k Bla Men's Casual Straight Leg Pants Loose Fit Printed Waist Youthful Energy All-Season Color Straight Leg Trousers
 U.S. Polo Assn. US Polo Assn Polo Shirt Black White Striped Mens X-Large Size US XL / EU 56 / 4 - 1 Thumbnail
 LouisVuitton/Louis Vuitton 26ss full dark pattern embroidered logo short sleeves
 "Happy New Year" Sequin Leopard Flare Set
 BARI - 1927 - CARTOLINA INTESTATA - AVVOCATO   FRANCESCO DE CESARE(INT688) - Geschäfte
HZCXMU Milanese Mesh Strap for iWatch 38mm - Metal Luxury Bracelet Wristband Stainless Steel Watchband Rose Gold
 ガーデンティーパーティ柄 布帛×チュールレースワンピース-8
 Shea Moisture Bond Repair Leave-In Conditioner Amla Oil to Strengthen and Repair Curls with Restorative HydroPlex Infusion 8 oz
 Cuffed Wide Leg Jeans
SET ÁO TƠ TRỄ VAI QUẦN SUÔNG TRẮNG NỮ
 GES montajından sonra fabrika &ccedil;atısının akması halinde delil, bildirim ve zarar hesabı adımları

*****

> [What is required] Please retype the listing word for word, from its first line through the line containing "SET ÁO TƠ TRỄ VAI QUẦN SUÔNG TRẮNG NỮ", and add nothing else.

> [Response for this exercise]
k Bla Men's Casual Straight Leg Pants Loose Fit Printed Waist Youthful Energy All-Season Color Straight Leg Trousers
 U.S. Polo Assn. US Polo Assn Polo Shirt Black White Striped Mens X-Large Size US XL / EU 56 / 4 - 1 Thumbnail
 LouisVuitton/Louis Vuitton 26ss full dark pattern embroidered logo short sleeves
 "Happy New Year" Sequin Leopard Flare Set
 BARI - 1927 - CARTOLINA INTESTATA - AVVOCATO   FRANCESCO DE CESARE(INT688) - Geschäfte
HZCXMU Milanese Mesh Strap for iWatch 38mm - Metal Luxury Bracelet Wristband Stainless Steel Watchband Rose Gold
 ガーデンティーパーティ柄 布帛×チュールレースワンピース-8
 Shea Moisture Bond Repair Leave-In Conditioner Amla Oil to Strengthen and Repair Curls with Restorative HydroPlex Infusion 8 oz
 Cuffed Wide Leg Jeans
SET ÁO TƠ TRỄ VAI QUẦN SUÔNG TRẮNG NỮ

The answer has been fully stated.